When the AI is revising its own code, this is reasoning on the meta-level. If everything is going as planned, the AI ought to reproduce the meta-reasoning that produces the injunction. The meta-level decision not to reproduce the injunction might be recognizable on the meta-level, though this is more problematic, and it might similarly trigger a controlled shutdown (as opposed to any altered form of reasoning). There is a recursion here that (like all recursions of its class) I don’t know quite yet how to fold together.

There is not an AI inside the AI.

In all cases we presume that the AI knows correctly that it is unfinished—ergo, an AI that is finished has to be able to know that it is finished and then discard all injunctions that rely on the programmers occupying any sort of superior position.

In other words, none of this is for mature superintelligent Friendly AIs, who can work out on their own how to safeguard themselves.

Pearson, the case of discarding precision in order to form accurate approximations does not strike me as self-deception, and your arguments so far haven’t yet forced me to discard the category boundary between “discarding precision in accurate approximations based on resource bounds” and “deceiving yourself to form inaccurate representations based on other consequences”.

Toby, it’s not clear to me to what extent we have a factual disagreement here as opposed to an aesthetic one. To me, statements like “Shut up and do the impossible” seem genuinely profound.

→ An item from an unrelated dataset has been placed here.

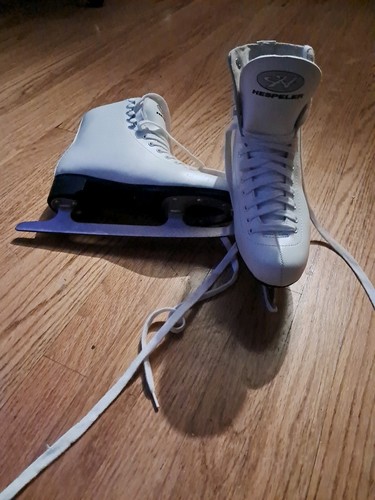 Hespeler GPS 350 Senior Women's Ice Hockey Skates Size 8 - photo 3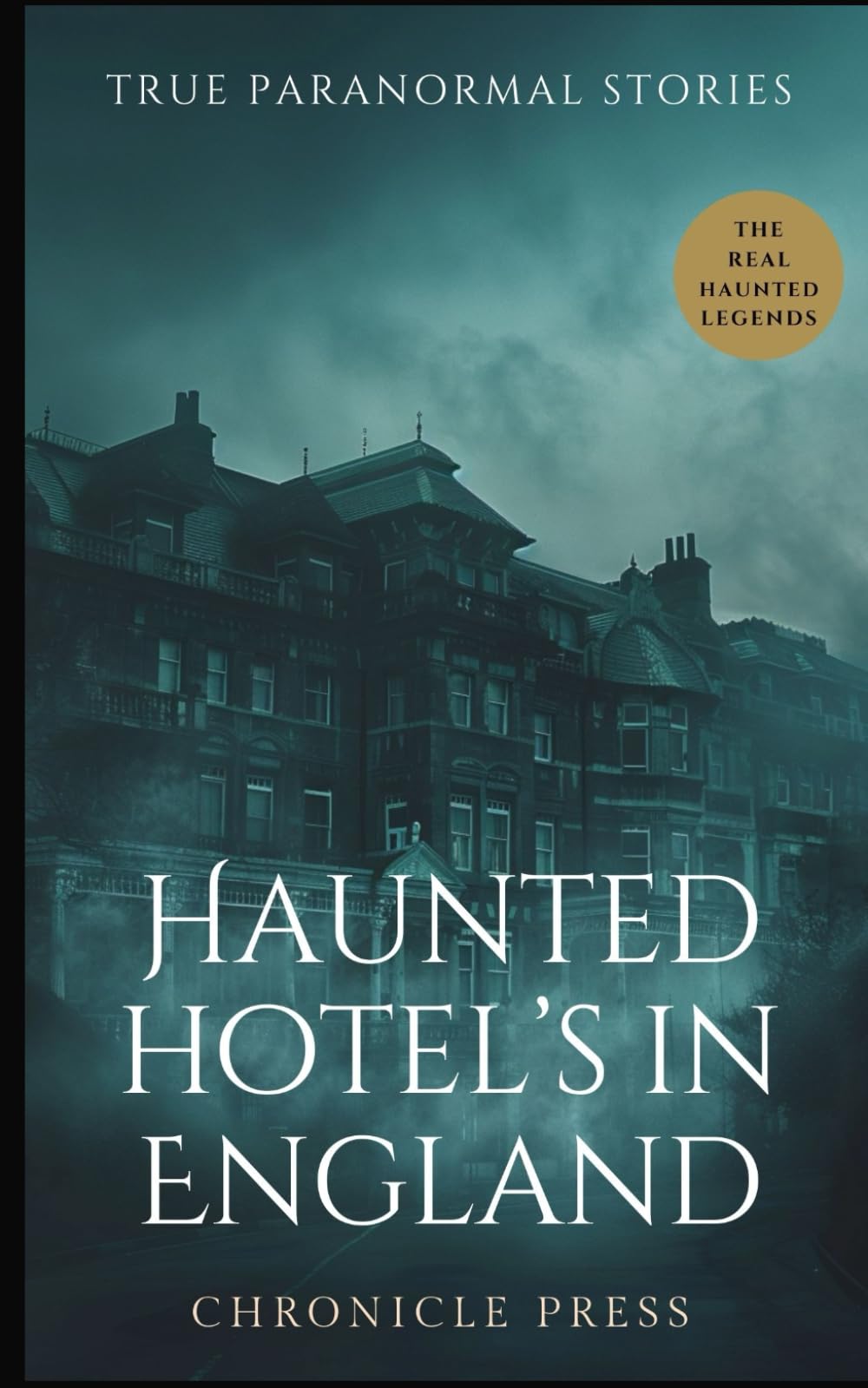 Haunted Hotels In England: True Paranormal Stories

Larry, I agree that a mature AI should have much less need than humans to form hard instrumental boundaries—albeit that it might also have a greater ability to do formal reasoning in cases where a complex justification actually, purely collapses into a simple rule. If you think about it, the point of wanting an injunction in an immature AI’s code is that the AI is incomplete and in the process of being completed by the humans, and the humans who also have a role to play, find it easier to code/verify the injunction than to see the system’s behavior at a glance.